In a way, the two early losses – Ghana’s only group stage defeats at any U-20 World Cup – aided in channelling the squad’s focus. The defeats to France (1-3) and Spain (0-1), both pre-tournament favourites, meant that victory against the United States in the final game of the group was simply a must, and even if the desired result was achieved other scores would have to go their way to qualify as one of the four 3rd-best teams.

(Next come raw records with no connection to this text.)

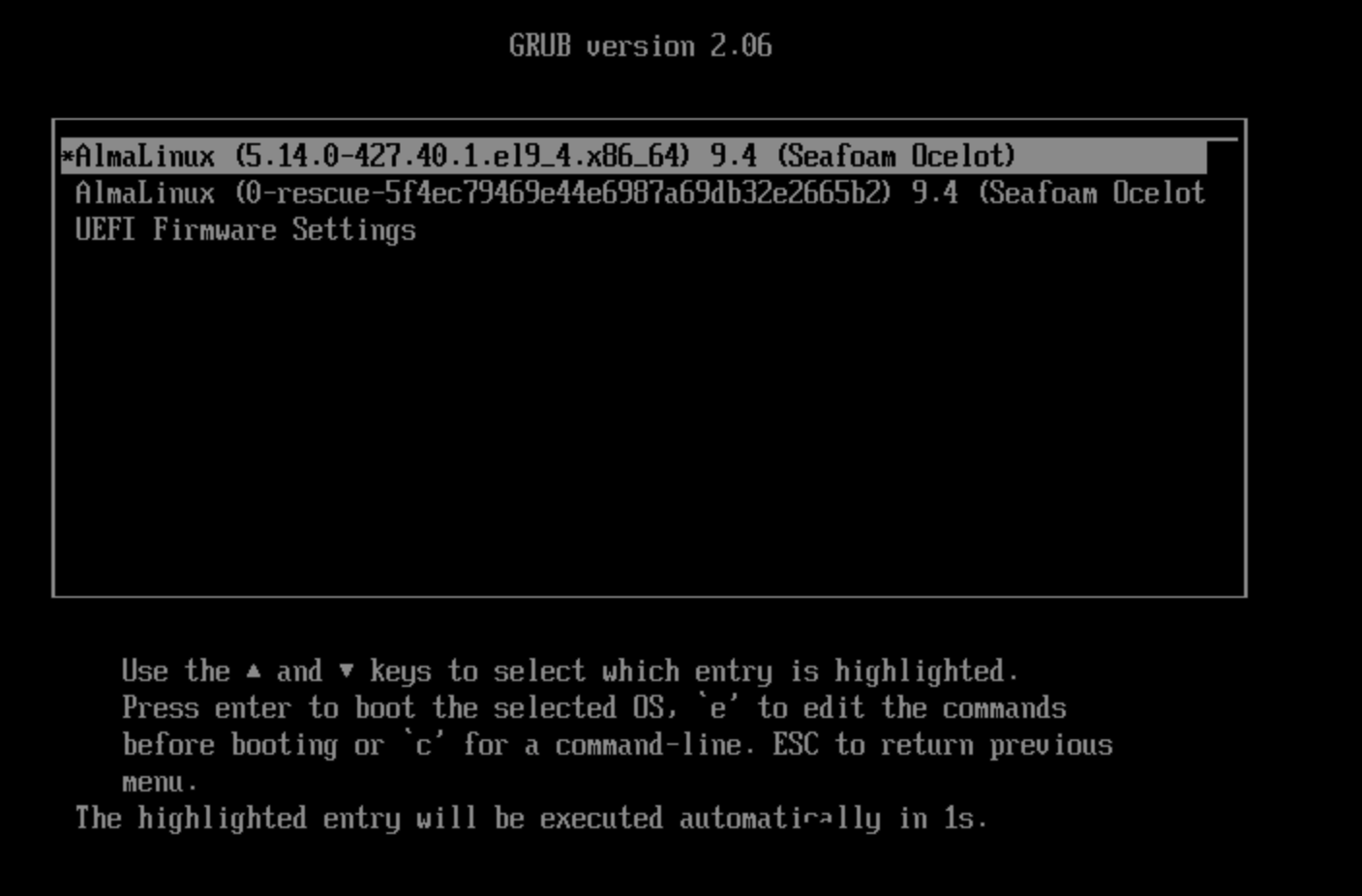 This image is an example of a grub screen on AlmaLinux.
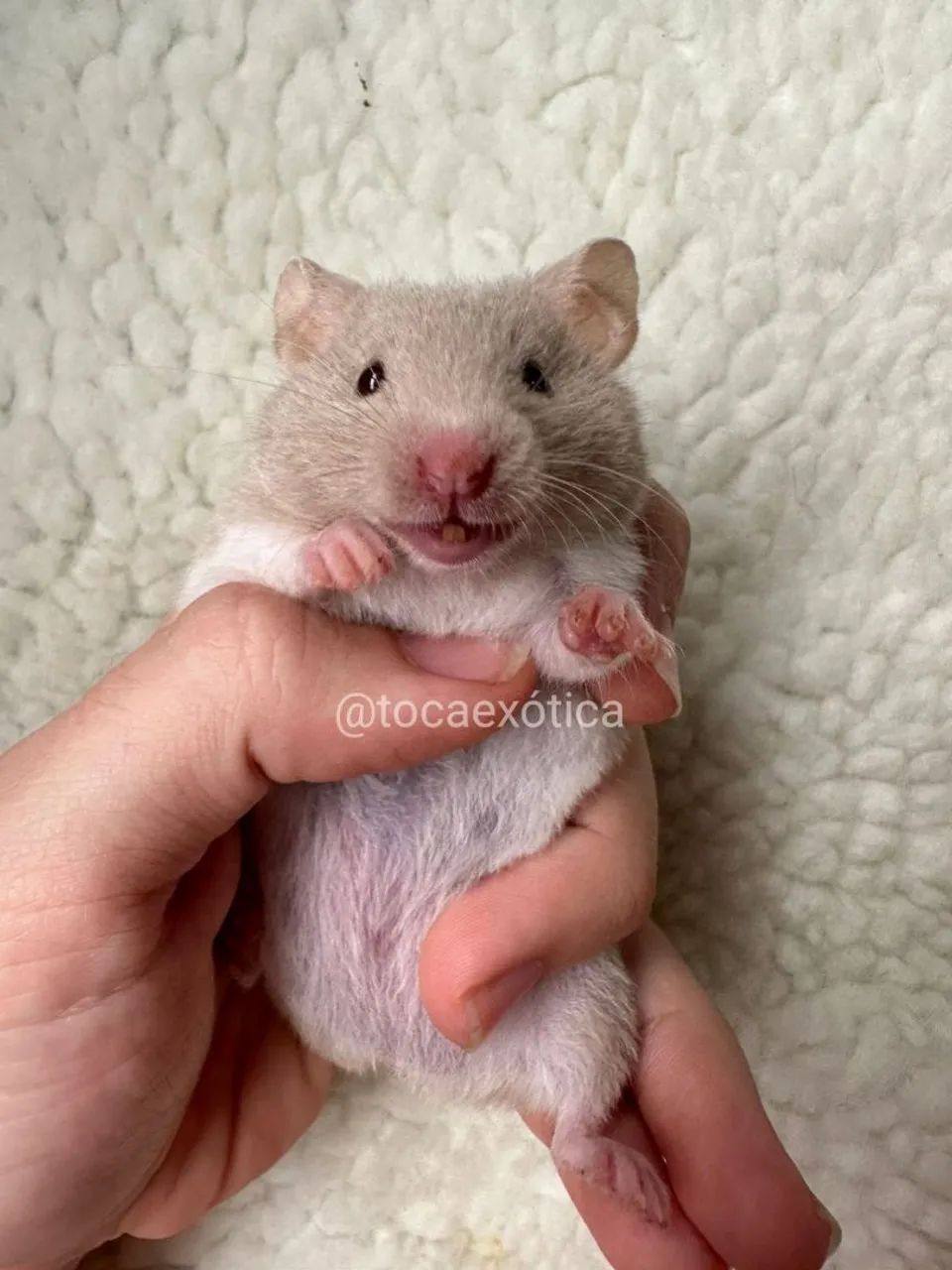Hamster Sírio - Foto 2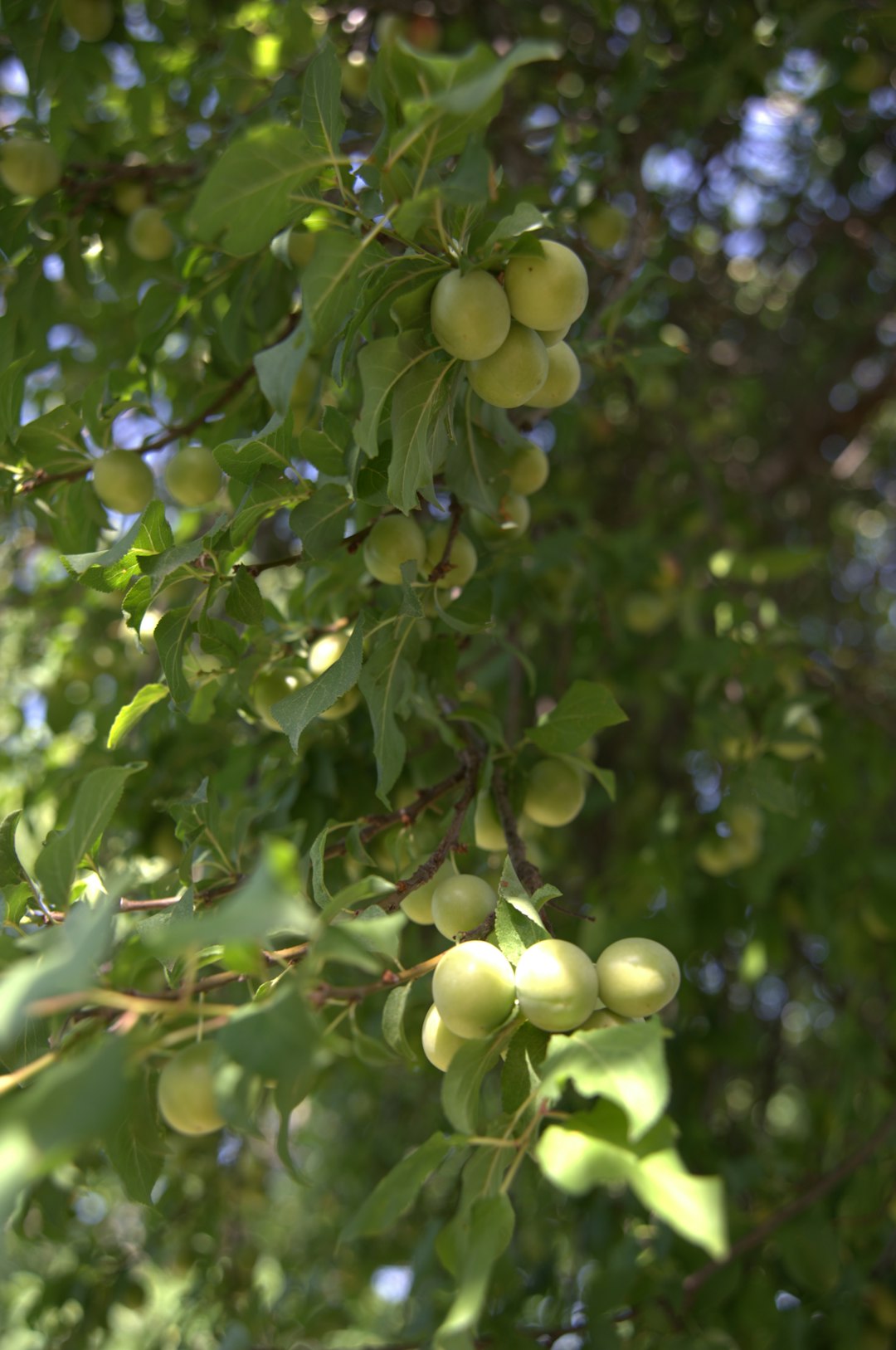 Many small green unripe plums clustered thickly along a leafy branch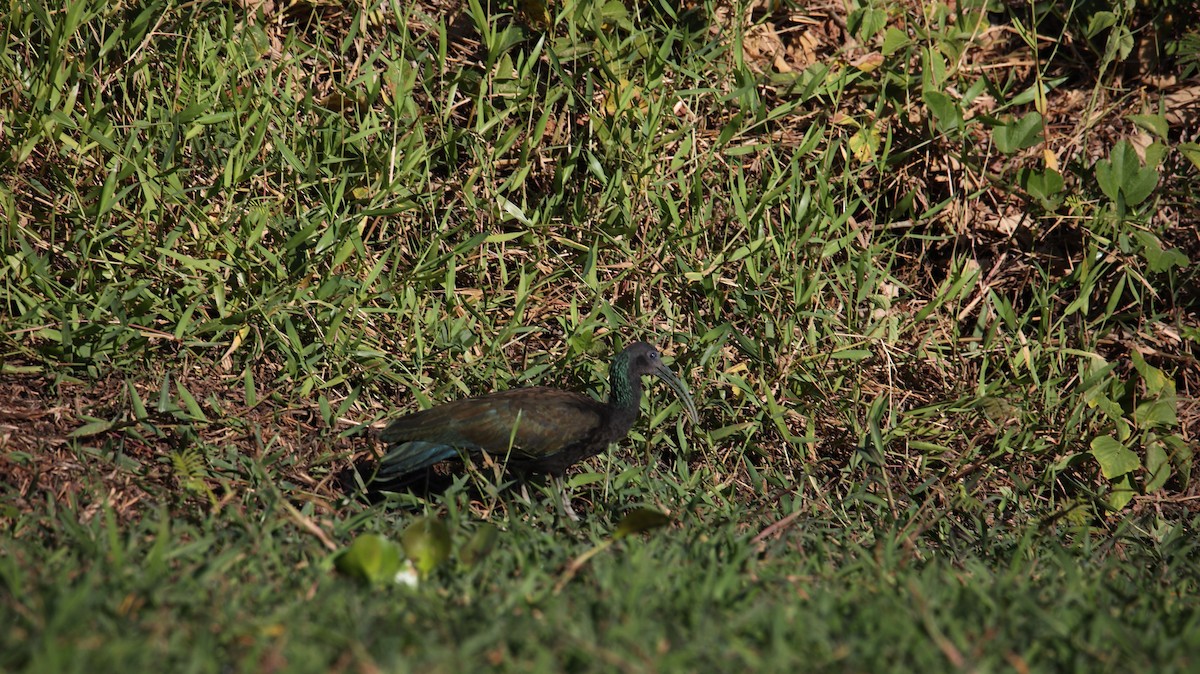 Green Ibis - ML473438631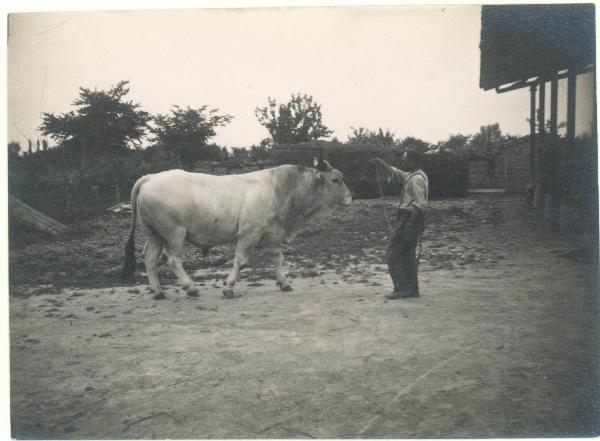 Paesaggio. Valle del Lamone - lavori di bonifica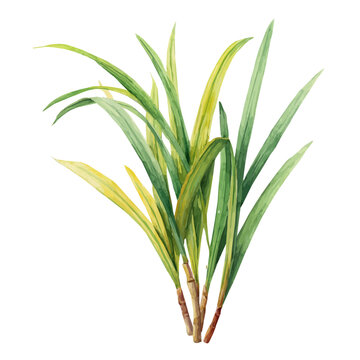 watercolor vector of Lemongrass, isolated on a white background.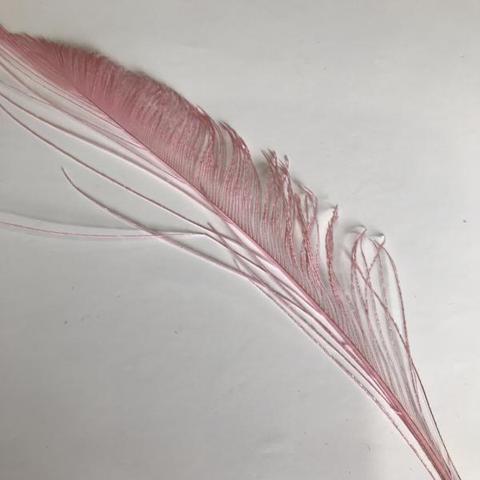Dyed Peacock Sword [25-30cm] - AU - B Unique Millinery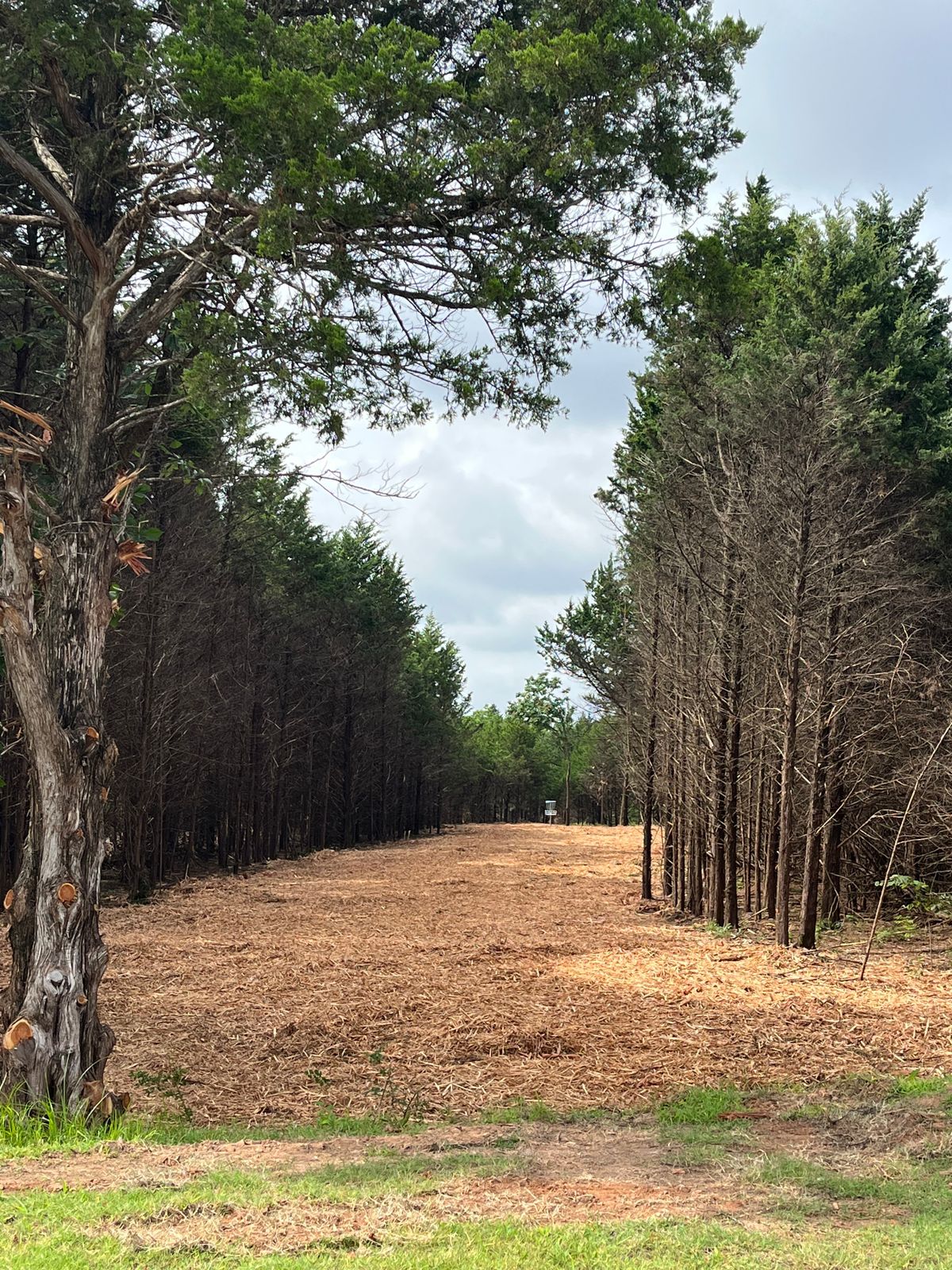Hole 1 B! This is the only par 5 in Shawnee!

How refreshing it was, then, to see the ebullient adventure return to Ghana’s play. The shackles were well and truly cast aside as the Black Satellites poured forward in droves, overwhelming the opposition with 25 shots (17 of which were on target) and emerging 4-1 victors. The young Ghanaians had stared adversity square in the face and reacted in the best possible way. 48 hours later, with Egypt defeating England 2-0, progression to the Last 16 was finally confirmed. The first hurdle had been passed, but the tests would get no easier from here on in with that familiar foe adversity forever ready to rear its ugly head.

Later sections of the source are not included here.